«Чинка нас, – хмыкнула я. – Сначала сломают, потом починят».

Моя доля, если всё пройдёт гладко – полтораста тонн. Что такое «не гладко», мне не объяснили. Вполне возможно, это означает слегка так протянуть ноги. Тогда раздвигать их и в самом деле не придётся.

Согласилась я сразу. Надо сказать, вдохновляли меня не только деньги, но и обещанное ЧЧ эксклюзивное интервью. Кто я сейчас? Никому не известная стрингерша из России. Репортажи из горячих точек славы не приносят, да и забываются моментально. А такой материал можно было бы продать в «Нью-Йорк Таймс» и заработать настоящее имя в журналистике, пробиться…
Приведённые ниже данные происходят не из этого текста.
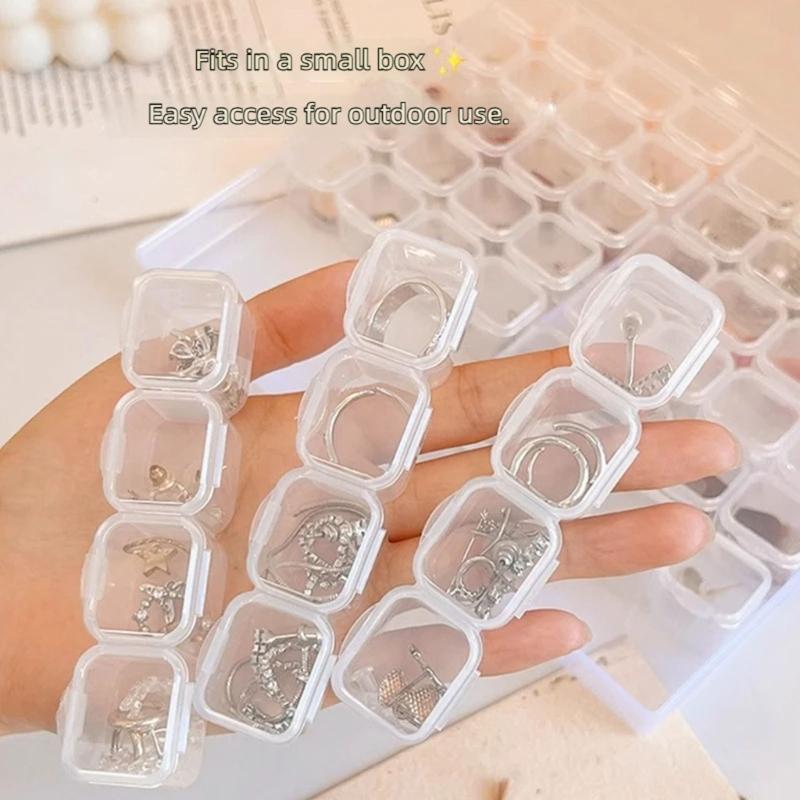 Clear Jewelry Storage Box with Lid, Compartment Case for Rings Earrings and Pendants, Vanity Display and Dresser Use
Правда, не удалось понять, почему ЧЧ позвал с собой именно меня. На прямой вопрос он, меланхолично зевнув, ответил, что, может статься, я в его вкусе. А может статься, что нет, поэтому не надо задавать глупых вопросов, а надо задавать умные. Нет таких? Тогда, красивая, до завтра. Собраться изволь за сутки, самолёт ждать не будет.

* * *

На родину, еду я на родину, вот она, уродина… Не помню, где и от кого подцепил эту дурацкую навязчивую припевку. Так или иначе, всякий раз, когда самолёт касался взлётно-посадочной полосы каракасского аэропорта «Симон Боливар», я осознавал, что вернулся домой. Так же, как осознавал это по прилёте в Москву или Питер.

Родину, согласно русской поговорке, не выбирают. Ко мне это, однако, не относится. Не выбирают, когда одна. Когда папа из Саратова, а мама из Брянска. Если же мама и вправду из Брянска, а папа из Сьюдад-Гуаяна, воленс-неволенс призадумаешься.
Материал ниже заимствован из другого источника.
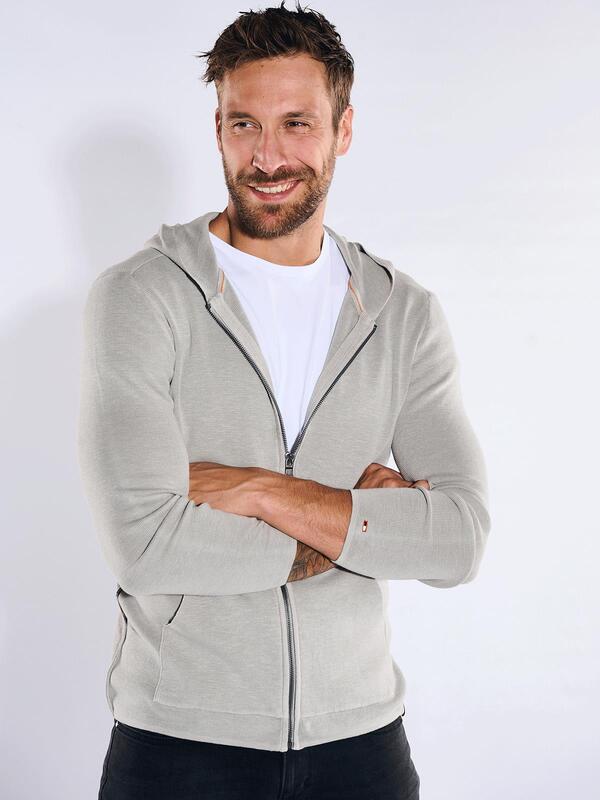 emilio adani Herren Strickjacke uni Grau regular Kapuze von emilio adani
До поры до времени я и знать не знал, что, оказывается, не черномазый ублюдок, как мне объяснили на школьном дворе, а самый что ни на есть законный отпрыск дипломированного врача из Венесуэлы. Впрочем, мама не догадывалась об этом тоже. А догадалась, лишь когда на пороге нашей хрущобы появился вдруг двухметровый верзила с охапкой кремовых роз на том месте, где у людей лицо. Верзила приложился макушкой о дверную притолоку и сказал на сомнительном русском:

– Белльять!

– Карлос? – неуверенно прошептала мама.

Пока я гадал, узнала ли она гостя по росту или по акценту, охапка роз вплыла в комнату и развалилась, открыв лицо визитёра. Я ахнул – оно было одного со мной цвета. А в следующий момент я без всяких объяснений допёр, что меня, Артурку Черномазого, в паспорте поименовали Артуро Карлосовичем вовсе не потому, что паспортистка была пьяна.

Выдворенный из Москвы после разрыва отношений с Венесуэлой студент Карлос Монтеро, не прошло и пятнадцати лет, вернулся, чтобы признать своего единственного сына. Через месяц я впервые ступил на землю новой Родины. Второй по счёту. Она сильно отличалась от первой. За слово «черномазый» здесь нахалов и неучтивцев запросто сажали на нож.

Рейс «Каракас – Лима», как обычно, на пару часов задержали, так что в Перу мы прилетели заполночь. Отельный портье при виде моей журналисточки завихрился мелким бесом – на блондинок здесь всегда реагировали остро.

– Остынь, амиго, – сказал я ему по-испански. – Сеньорита занята.

Портье притих и героически отвёл взгляд от «балшых сысек» имени Ильяса. Лишь посмотрел укоризненно, когда выяснилось, что мы расходимся по разным номерам.

Пробудившись утром, я не сразу вспомнил, где я и зачем. В Перу, устыдилась, наконец, память. Ты прилетел сюда ради экспедиции в чинканас. Последней экспедиции.

Взяв золото Атауальпы, можно было с чистой совестью уходить на покой. Купить поместье, разбить перед домом бассейн и коптить венесуэльское небо, не рискуя больше жизнью. Всё-таки хлеб чёрного археолога нелёгок, а век недолог, как у кавалергарда.